The event was organized by Philadelphia-born musician Brian Cronin, who owns Mirror Image Media. Cronin said that he usually draws artistic talent from surrounding states to perform at the festival. But this year, New Haven artists accounted for half of the performances. The festival featured workshops and networking events for emerging artists, as well as more than 100 musical acts from Nov. 3 to Nov. 5.

“The purpose of the festival is to allow artists to promote and spread the word about their music,” Cronin said. “I wanted to change up the music palette and broaden the music industry’s horizons.”

The keynote speaker at the event was Lou Plaia, co-founder of ReverbNation —  a music industry relations company. At the three-day-long festival, different music industry professionals gave advice and discussed pertinent business- and industry-oriented topics such as how emerging artists can garner media attention, Cronin said.

He added that many artists who attend the festival every year have small producing budgets, so receiving industry advice about how to produce high-quality records without a lot of funding can shape their careers.

Calina Stacks, a hip-hop artist who performed at the festival and attended the industry advice panels, said that the whole event was helpful for musical artists trying to create fan bases outside of their hometowns.

One of the panelists asked Stacks to improvise a few hip-hop bars, which she said gave her the chance to display her talent to the whole audience.

Before the festival, Stacks was apprehensive about how the New Haven community would receive her music. But she said the festival was great experience because industry experts taught her that “scribbling outside of the lines may just land you your next hit.”

Stacks, who is currently working on a debut mixtape, said that since she is a budding musician, the advice she received at the panels will enable her to perfect what she has recorded before it is released, which in turn will help her build a larger, stronger fan base.

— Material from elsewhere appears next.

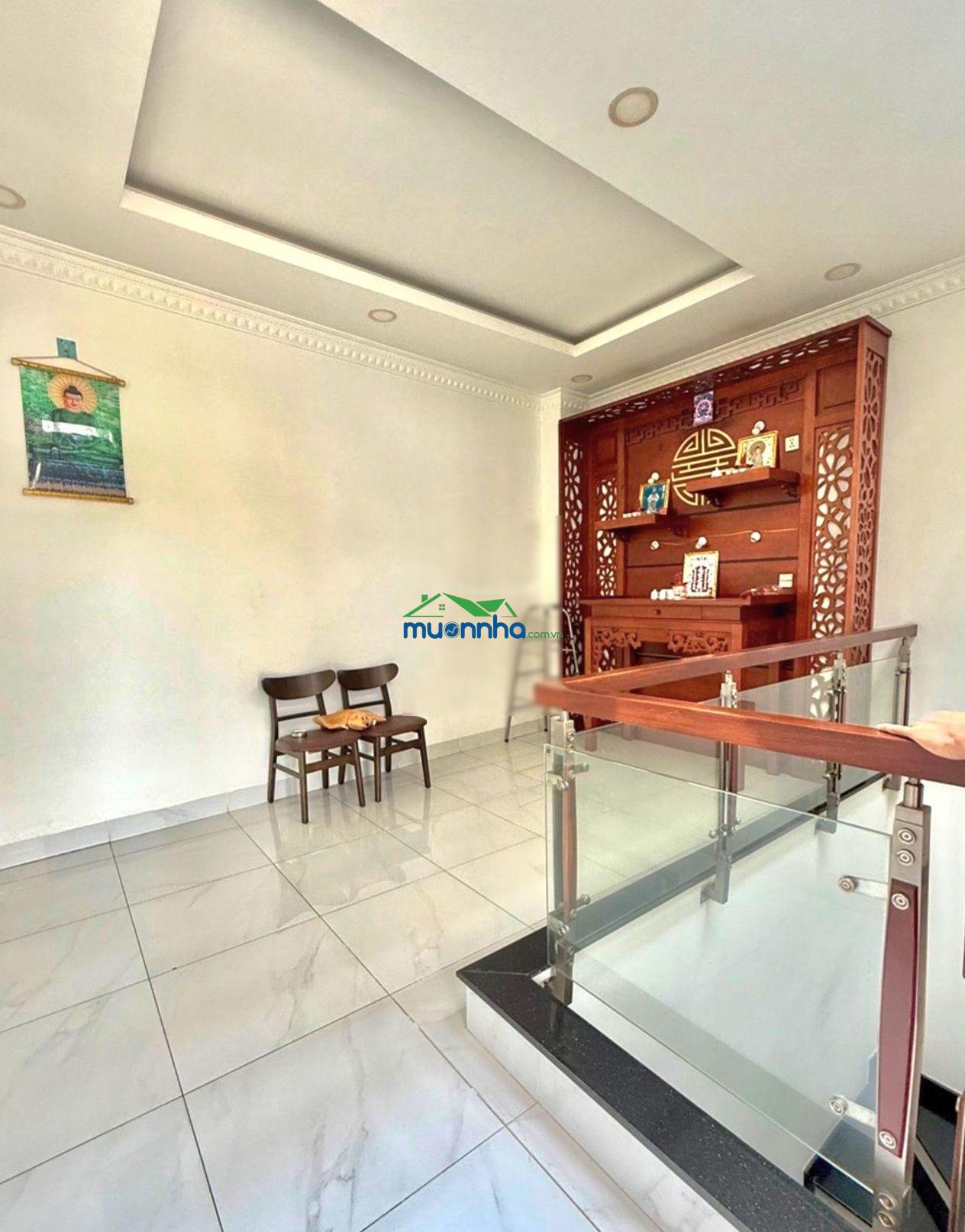 Giá rẻ: 7,2 tỷ. biệt thự 3 tầng. lê văn quới. dt: 90m². nội thất đầy đủ, xem muốn dọn vào ở liền - 4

Musician Taylor Tote, the lead singer of the Taylor Tote Band, said she enjoyed performing at the festival and that her performance was well-attended.

At a similar music festival this summer, Tote and her band met David Ivory, a panelist at the festival and a Grammy-nominated, multiplatinum music engineer and producer. Afterward, they began to work with him, a partnership she credits to networking opportunities like the Elm City Musical Festival.

Tote said that the event’s advice panels were well-attended, giving her band different perspectives and the best approaches for moving ahead in the music industry. She added that the atmosphere at the panels was very relaxed and welcoming, since they consisted of rooms full of individuals who shared the same interest in music. The artists genuinely wanted to help each other gain new insights, fans and allies in the industry, she added.

For Tote, however, listening to the perspective of each panelist was the most interesting aspect of each session. Thriving in the music world takes a lot of hard work and commitment, but networking and attending panels are also important, she added.

The Elm City Music Festival held panels at Terminal 10, located at 240 Sargent Drive.